Design of controls needs a model for the plant that sufficiently represents its dynamics. Current models available are either empirical or computationally intensive, which do not allow for analysis of a stack behavior and associated controls. The paper addresses development of a high dynamic model for a stack that is based on transport of charges, flow of fuels and byproducts taken into temperature effects. The stack is constructed with single cells composed of sandwiched multiple layers that are thermally and electrically coupled. Air is supplied by a blower, which voltage is regulated. Two representing control strategies for the air supply system are designed and compared. Heat is rejected by a thermal circuit that consists of a pump, a three-way valve, and a radiator with a fan and a reservoir. In order to control the coolant flow rate, a linear cascade and a state feedback control are designed and compared, which includes a feed-forward function that is derived from load profile. In addition, the temperature effect on air flow rate is compensated, so that a deviation of the oxygen excess ratio can be suppressed.

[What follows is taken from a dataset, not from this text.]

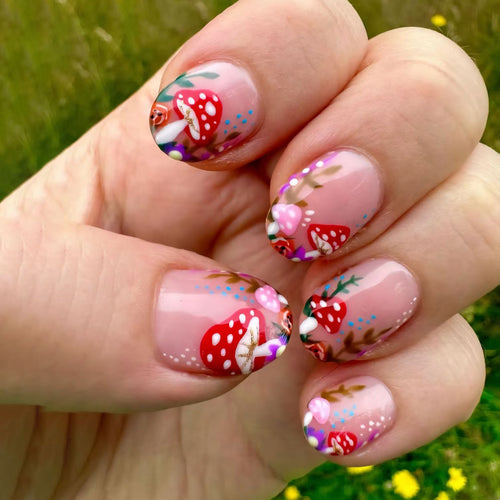 Verspielt Pilz Nagelkunst Set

The dynamics and performance of the designed controllers are evaluated and analyzed by simulations using dynamic fuel cell system models at a multi-step current and a current profile measured at the Federal Urban Driving Schedule. The results show that the control strategy proposed reduces not only temperature rise in the catalyst layer but also the parasitic power needed for operation of the air and coolant pumps maintaining the oxygen excess ratio set.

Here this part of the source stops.